Sat | Sep 23, 2017

Letter of the Day

Published:Friday | December 5, 2014 | 12:00 AM

THE EDITOR, Sir:

It is a crying shame that at the recent launch of Sting, I had to educate the crowd about a Jamaican who has represented our nation on the highest level throughout the world in boxing.

Nicholas 'Axeman' Walters is a storied fighter, having captured the WBA featherweight title in 2009, the vacant WBA world (Regular) featherweight title on December 8, 2012, and having gone on to defeat Nonito Donaire on October 18, 2014 by technical knockout, to capture the WBA World (Super) Featherweight Championship.

Axeman has a professional record of 25 bouts and 25 victories, with 21 knockouts, yet most Jamaicans would not, as was the case at the Sting launch, recognise him in a crowd.

This unfortunate occurrence reminded me of the long-standing battle of getting Jamaicans to support local enterprises, culture and products. The issue of lack of support does not begin or end with Nicholas Walters. In fact, the entertainment and cultural-enterprise industry has long suffered from this lack of local support. It is particularly sad, as these are the main tourist attractions within the Jamaican space, and are huge contributors to the country's gross domestic profit.

If these cultural and entertainment-industry products have such a massive impact on the economy, why is there not more being done to preserve and further develop these institutions and entities? I am urging Jamaicans to take heed of, and support, the call from the Ministry of Tourism and Entertainment for the establishment of entertainment zones.

This should be looked at in tandem with unified activism for changes to the Noise Abatement Act to allow shows, parties and other ventures to be held without hassle and worry of being shut down after much investment has been made in the product.

CREATIVE PEOPLE

We are a creative people. Clive Campbell, popularly known as DJ Kool Herc, was a Jamaican who migrated to the United States and brought dancehall music with him, which was heard and then adapted and redesigned into hip hop in the 1970s. Decades later, electronic dance music, which has now taken the world by storm, is a derived product of reggae, and more and more hip-hop and R&B artistes are sampling and using elements of our dancehall and reggae culture and music to enhance their own songs.

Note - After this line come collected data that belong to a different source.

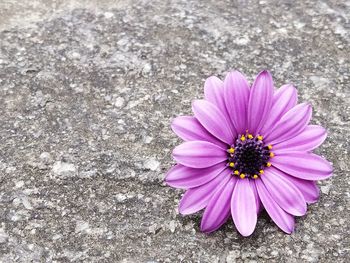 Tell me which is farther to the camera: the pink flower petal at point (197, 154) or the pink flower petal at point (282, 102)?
the pink flower petal at point (282, 102)

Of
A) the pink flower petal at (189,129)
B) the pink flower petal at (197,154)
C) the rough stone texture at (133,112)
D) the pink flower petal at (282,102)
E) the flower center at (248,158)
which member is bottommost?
the rough stone texture at (133,112)

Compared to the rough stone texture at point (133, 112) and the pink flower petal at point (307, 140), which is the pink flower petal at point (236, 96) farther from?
the rough stone texture at point (133, 112)

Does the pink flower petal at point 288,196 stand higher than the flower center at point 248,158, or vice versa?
the flower center at point 248,158

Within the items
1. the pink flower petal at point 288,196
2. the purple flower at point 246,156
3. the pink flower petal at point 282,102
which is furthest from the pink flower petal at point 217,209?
the pink flower petal at point 282,102

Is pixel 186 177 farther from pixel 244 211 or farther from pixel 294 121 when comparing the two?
pixel 294 121

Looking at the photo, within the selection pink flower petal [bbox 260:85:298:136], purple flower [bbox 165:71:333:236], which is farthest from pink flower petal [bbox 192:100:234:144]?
pink flower petal [bbox 260:85:298:136]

Why is it then that we can praise Kanye West and buy his album Yeezus, which featured Assassin, Beenie Man, Capleton and Sizzla, whether with vocals or through sampling, yet we find it so difficult to support our local talents? We must, as a people, come together and advocate for change.

The need for a proper performance arts or cultural centre is more than ever at the forefront of necessity. More and more young persons are venturing into the performing arts and cultural art forms such as music and even fashion design, and Jamaicans must recognise the potential of our talented youth before foreigners do and influence them to migrate to other places.